Comentário sobre o 1º capítulo de Histórias de Évora
Cunha e Silva Filho
Cronista, memorialista e crítico literário
"Histórias de Évora".
Esse é o título de um livro de ficção no gênero romance, conforme o próprio
autor anuncia, nesse espaço de seu conhecido blog, esse novo trabalho de sua
vida de escritor.
Não é sua estreia de ficcionista,
visto que anteriormente, a espaços, já escrevera textos que eu poderia rotular
de ficção. Foram mini-contos, ou mesmo contos mais longos.
O título faz pensar em uma série
de contos, mas creio ser apenas um modo de referir-se à forma contínua de uma
unidade de textos que avancem em direção a uma estrutura de maior fôlego com a
intenção de amoldar-se ao gênero do romance, de resto, já declarado pelo
próprio autor: "Este romance será publicado..." [...]
Seguindo o costume de outros
autores, cada capítulo terá um título alusivo a episódios específicos
desenvolvidos na trama.
"Triângulo encantado" é
um desses episódios. Já nele surgem alguns elementos estruturais da narrativa
que, pelo menos nessa parte, dá um andamento no qual se percebem o interior e o
exterior de uma personagem de nome Marcos, uma adolescente em seus primeiros
anos e em toda a sua força da libido, irrefreável no alvorecer da puberdade.
Neuza é o pivô desse vendaval de
sensualidade sexualidade.
Espaço e tempo são delineados: o
jovem está em sua própria casa. Tem irmãs, tem seus pais.
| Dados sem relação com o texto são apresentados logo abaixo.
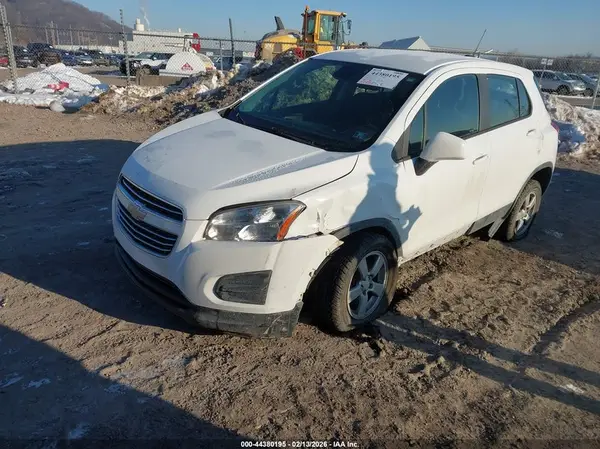 KL7CJNSB9GB595111 2016 CHEVROLET TRAX - Image 2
E tem a empregada,
Neuza, o fruto proibido que é preciso desvendar.
Entretanto, ao fixar a vista para
uma porta entreaberta, numa madrugada silenciosa, defronta-se com uma espécie
de visão do paraíso carnal, numa cena eletrizante, enlouquecedora.
À sua frente seus olhos se detêm
na parte mais sensível de seu arroubo juvenil.
O "triângulo encantado"
é um sintagma que marca para sempre a imagem do sexo feminino num momento de
quietude corporal e de êxtase, misturado ao desejo incontido mas refreado pelos
interditos ou códigos de honra familiar e medo de reações tanto decorrente do
objeto cobiçado quanto do medo de transgredir padrões arraigados na conduta
familiar, sobretudo por ocorrer no recesso sagrado do lar.
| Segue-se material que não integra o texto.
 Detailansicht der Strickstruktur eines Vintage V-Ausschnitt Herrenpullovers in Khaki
Aquele objeto proibido provoca o
frêmito da posse quanto ao sentimento abortado de mais uma vez repetir-se
aquela cena em fogo.
Marcos se surpreende com o
despertar de Neuza ao flagrar o adolescente fruindo a antecipação orgástica.
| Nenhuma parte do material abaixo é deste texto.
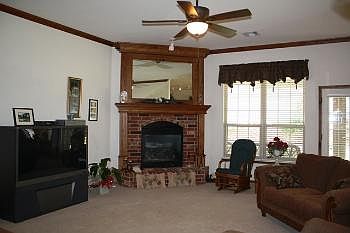 5th image of 10512 S Linn Ave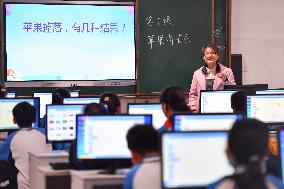 CHINA-HUNAN-XIANGTAN-SCIENCE-CLASS (CN)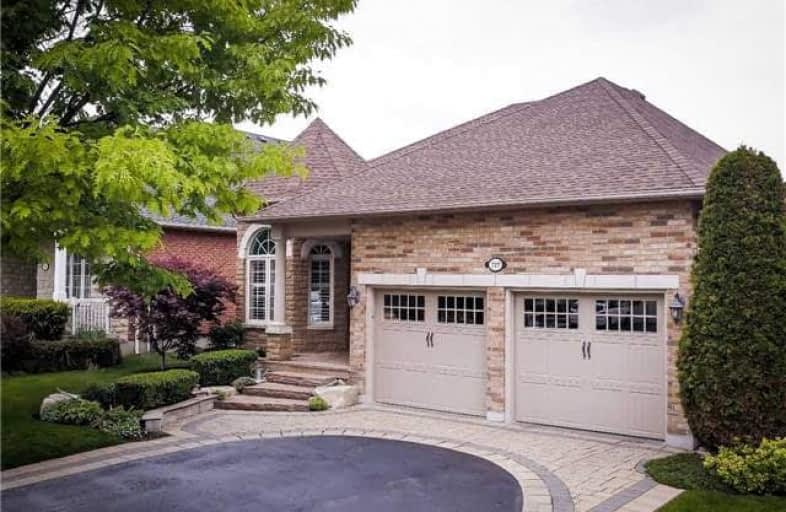 727 Madeline Heights, Newmarket | Image 1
Ele teve a certeza de que não
seria recriminado por ela diante de seus pais. Ficaria entre os dois apenas
aquele instante de êxtase secreto em início de uma cena viva de nudez.
A descrição visual é perfeita nos
seus traços firmes do desenho geométrico expresso pela metáfora do sexo.
É nesse ponto que o jogo da
linguagem se torna um componente primordial da descrição com seu potencial de
sensualidade e volúpia.
Repare-se que nesse capítulo não
há diálogo explicito. Tudo se constrói na base da visualidade voltada para o
centro deflagrador da cena inesquecível e jamais fisicamente apagada da memória
do adolescente posto que misturada com a frustração da vontade não satisfeita.
A linguagem opera no texto, sem
descambar para o grotesco e o pornográfico rasteiro, como se fora uma tomada de
uma cena fílmica, em close focando toda uma região do corpo feminino que a
masculinidade não se cansa de cultuar com a obsessão e a
curiosidade desde tempos imemoriais, seja na pintura, na escultura, seja na
fotografia, seja no cinema ou teatro.
“O triângulo encantado" é o
fetiche supremo da masculinidade ou até mesmo para as cultivadoras do
lesbianismo.
Volto ao título e fico a atinar:
por que Évora? Ao que tudo indica , será um nome de lugar. Agora, me lembro,
não sei por que, de Eça de Queirós, assim com da cidade de Évora, em Portugal.
Há alguma ligação intersemiótica com o espaço físico do romance de Elmar
Carvalho? Só saberei quando ler os próximos capítulos.
Esse início já me aponta para uma
boa narrativa. Esperemos que o seja.